978-1-4799-2079-2/13/$31.00 ©2013 IEEE
FPGA-Based Reconfigurable Unit for Image Filtering in Frequency Domain
Luis M. Ledesma-Carrillo, Misael Lopez-Ramirez, Ana L. Martinez-Herrera,
Eduardo Cabal-Yepez, Arturo Garcia-Perez.
Division de Ingenierias, Campus Irapuato-Salamanca, Universidad de Guanajuato / Carr. Salamanca-Valle km 3.5+1.8, Comunidad de Palo
Blanco, 36700 Salamanca, Guanajuato, Mexico. {e.cabal-yepez@gmail.com}
Abstract— Digital filtering is a key step of image processing in
many applications. Due to its importance in this work a
general FPGA-based reconfigurable architecture for real-time,
online image filtering in the frequency domain is presented.
The proposed FPGA-based implementation is portable to
distinct platforms from different vendors. Obtained results
from different study cases show the high capability and
performance of the proposed hardware implementation by
applying any user designed filtering operation on an image,
and outperforming by two orders of magnitude its software
implementation counterpart.
Keywords- 2D-FFT; Frequency domain; FPGA; Generic
architecture; Image filtering; Real-time image processing.
I. INTRODUCTION
The two-dimensional Fast Fourier transform (2D-FFT)

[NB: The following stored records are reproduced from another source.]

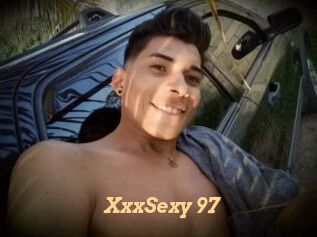 XxxSexy_97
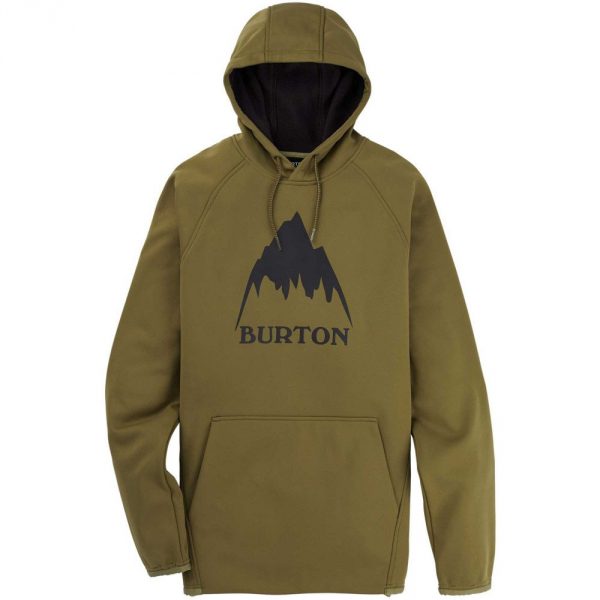 burton-crown-weatherproof-pullover-hoodie-p38 …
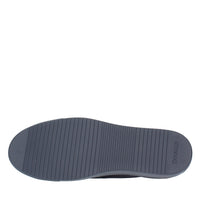 Sneakers modello DU3285ROGEUF106LB15 in camoscio 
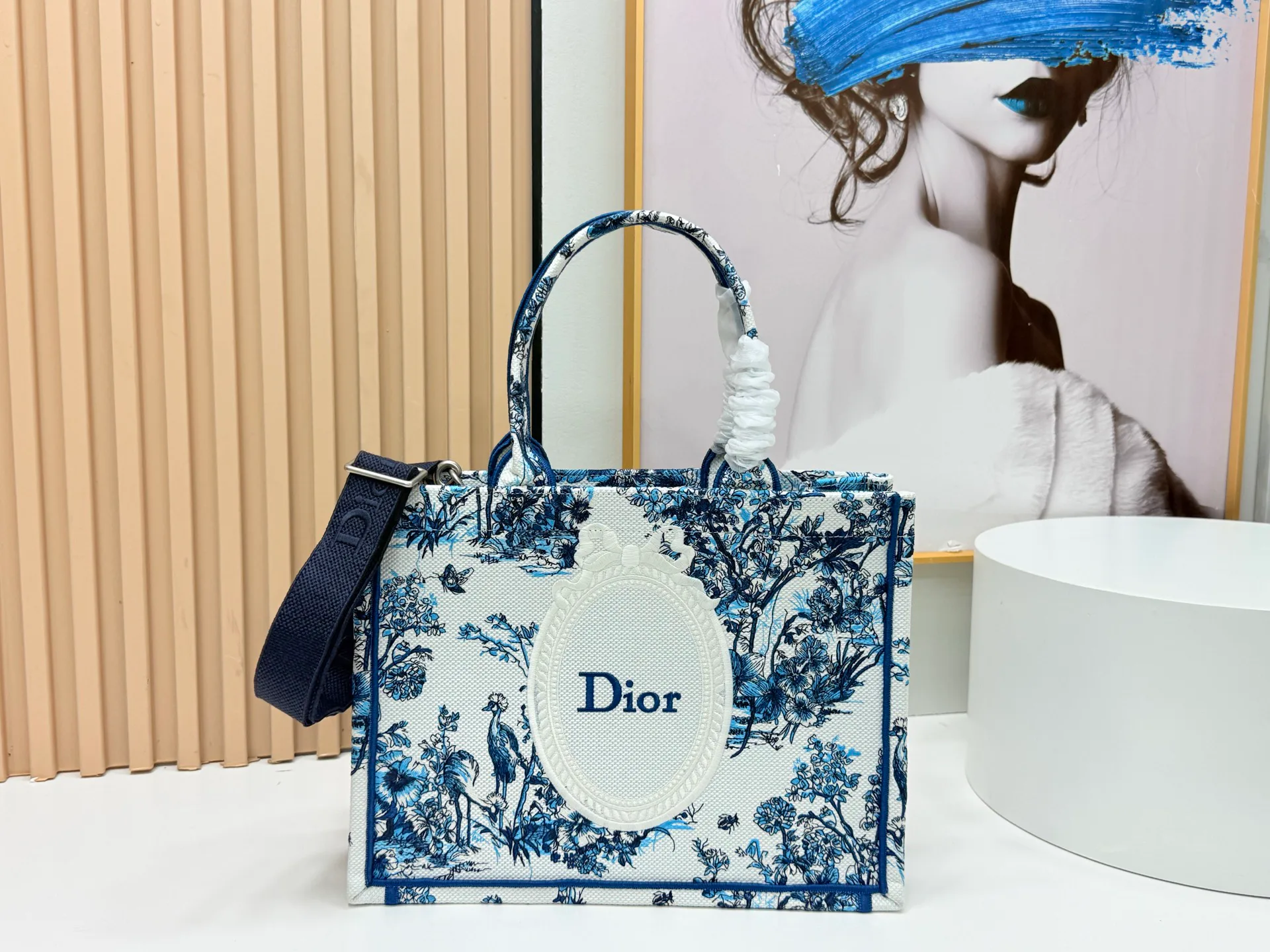 Деловые Сумки Мужские Christian Dior 12622355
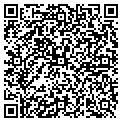 QR code with Thomas J Simrell DMD contacts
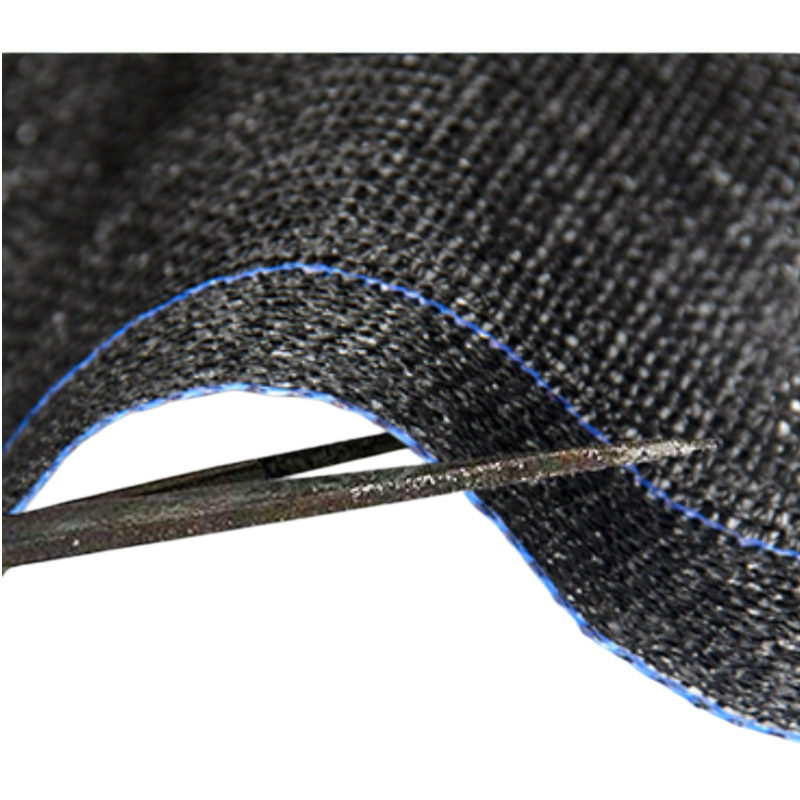 演发 遮阳网高清大图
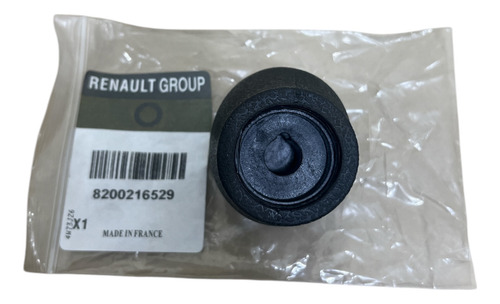 Pomo Palanca Cambio Renault Clio Symbol Scenic Kangoo Megane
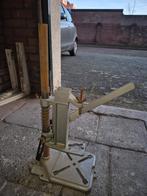 Skil Boorstandaard - Gebruikt, Ophalen of Verzenden, Gebruikt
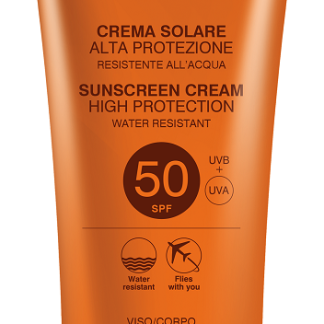 ROUGJ SOLARE SPF50 100 ML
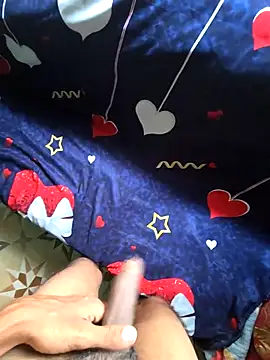 Snapshot of hotbaby_5 chatting on September 2025 06:25:02 AM hotbaby 5 online show from September 2025 06:25:02 AM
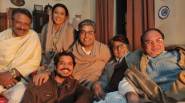  Didn t Know What Acting Was Until I Joined Theatre Mirzapur Actor 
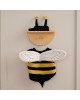 KIDS CONCEPT. Στολή μέλισσα DRESS-UP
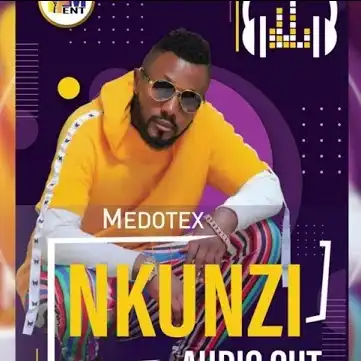 medotex-americana-nkunzi-album-cover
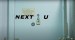Next 2 You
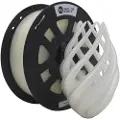 Anycubic PLA-ST 1.75 mm 1 kg Transparent
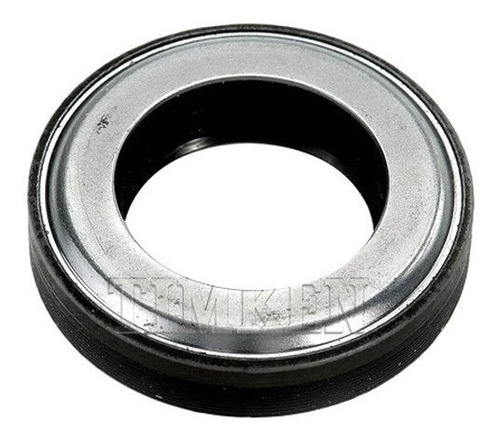 Estopera Copa Caja 4x4 Savana 1500 2003-14 Timken 710491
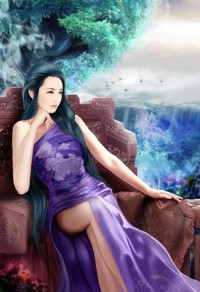 渣O愛我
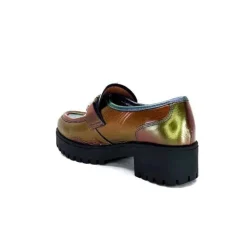 Rosemetal J2174 C Jarno Cuir Bronze Multi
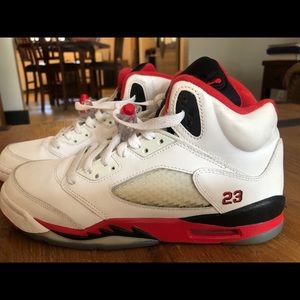 Daughter wore 2 times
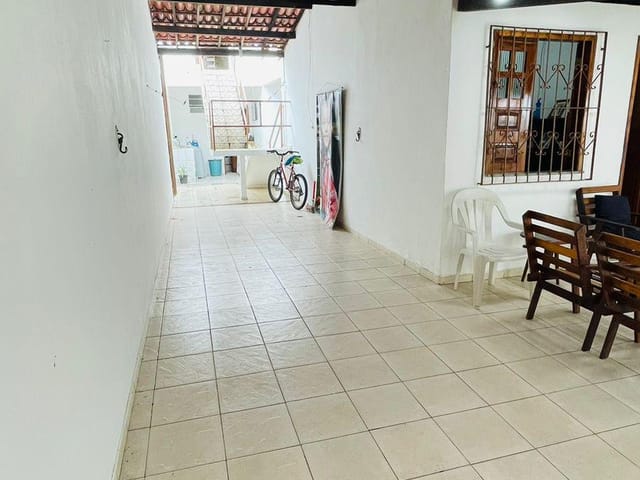 Foto do Casa - Casa à venda, Hernani Sá, Ilhéus, BA | Imobiliária Casa Premier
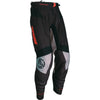 Moose Racing - Qualifier Pants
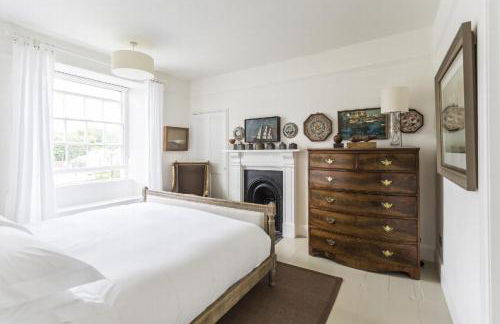 Antonia's Pearls - Foto 47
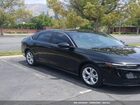 2025 Honda Accord Lx Black vin: 1HGCY1F25SA043767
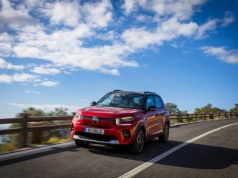 Citroën rusza z niesamowitą promocją: nowy C3 od 49 euro miesięcznie, SUV C3 Aircross od 129 euro we Włoszech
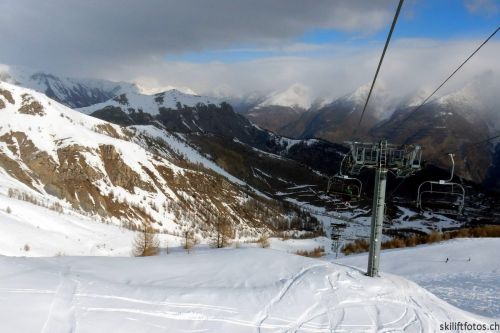 20180221-b-auron-060.jpg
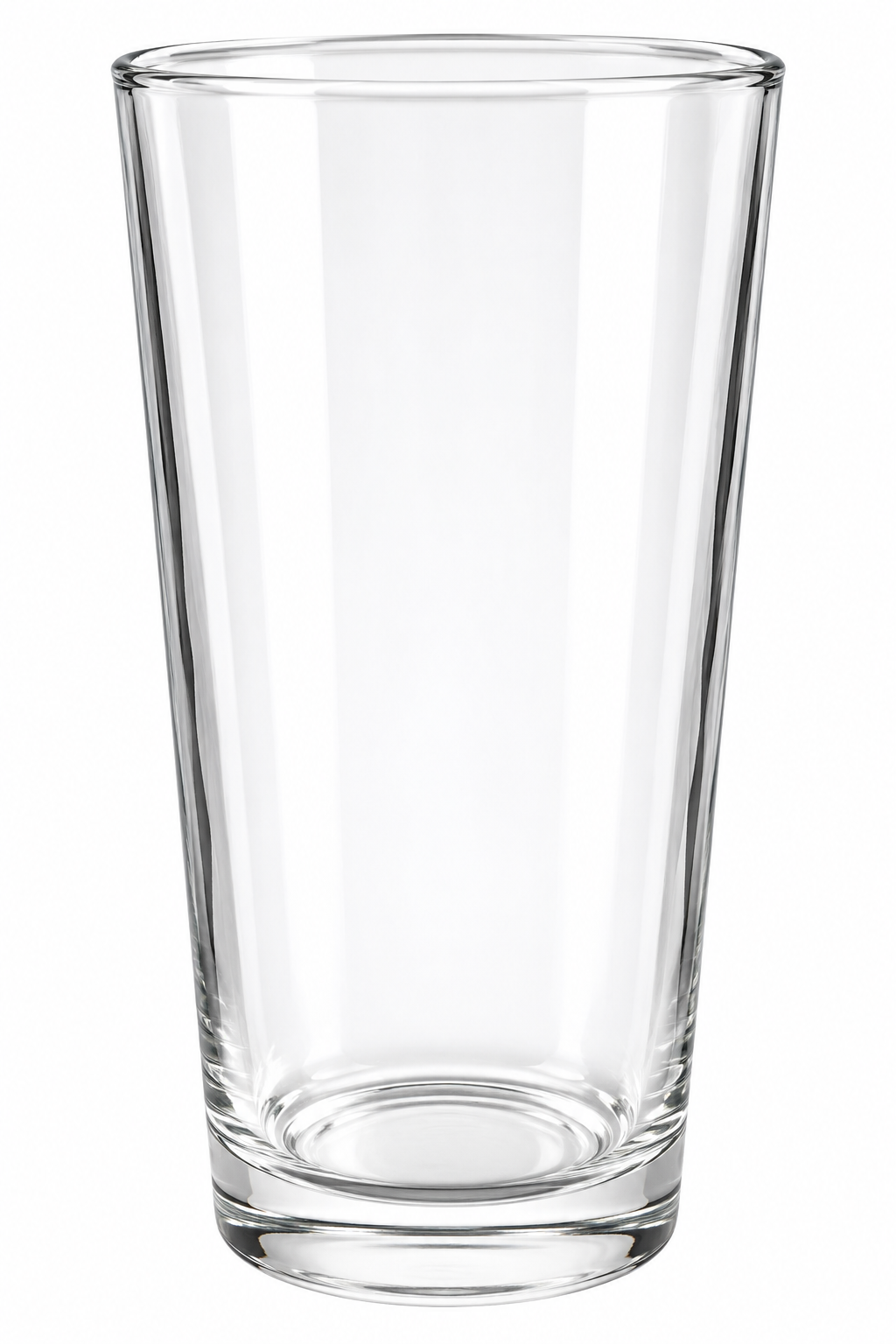 Vaso 347 cc Montecarlo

and its inverse (2D-IFFT) play an important role in digital
image processing to provide filtering solutions for many
applications as robotics, optics, telecommunications, and
bio-imaging, among others. Nowadays, filtering is utilized
for image processing operations like denoising, edge
detection, recognition, segmentation, smoothing, and
restoration [1], [2]. For instance, in [3], meteorological
images are filtered utilizing the Fourier transform to predict
storms by analyzing the frequency contents in an image
taken by a satellite. In [4], different types of digital filters
namely average filter, median filter, and wiener filter are
described and compared for removing noise present in
transmission electron microscopy images of nanomaterials.
In [5], a method based on median filtering to compute the
total variation with respect to the central pixel in a filter
window is introduced to detect edges of nuclei in microscopy
images. In [6] different low-pass filtering schemes are
applied to restore a gray scale image corrupted by Salt &
Pepper noise. The efficiency of each filtering scheme is
evaluated through mean square error, signal to noise ratio,
peak signal to noise ratio and signal to noise ratio
improvement. In [7], a filter-learning model is built based on
the theory of function approximation and the generalization
of the partial differential equation model for image
deblurring. From here, it is clear that digital filtering is a key
step of image processing in many applications.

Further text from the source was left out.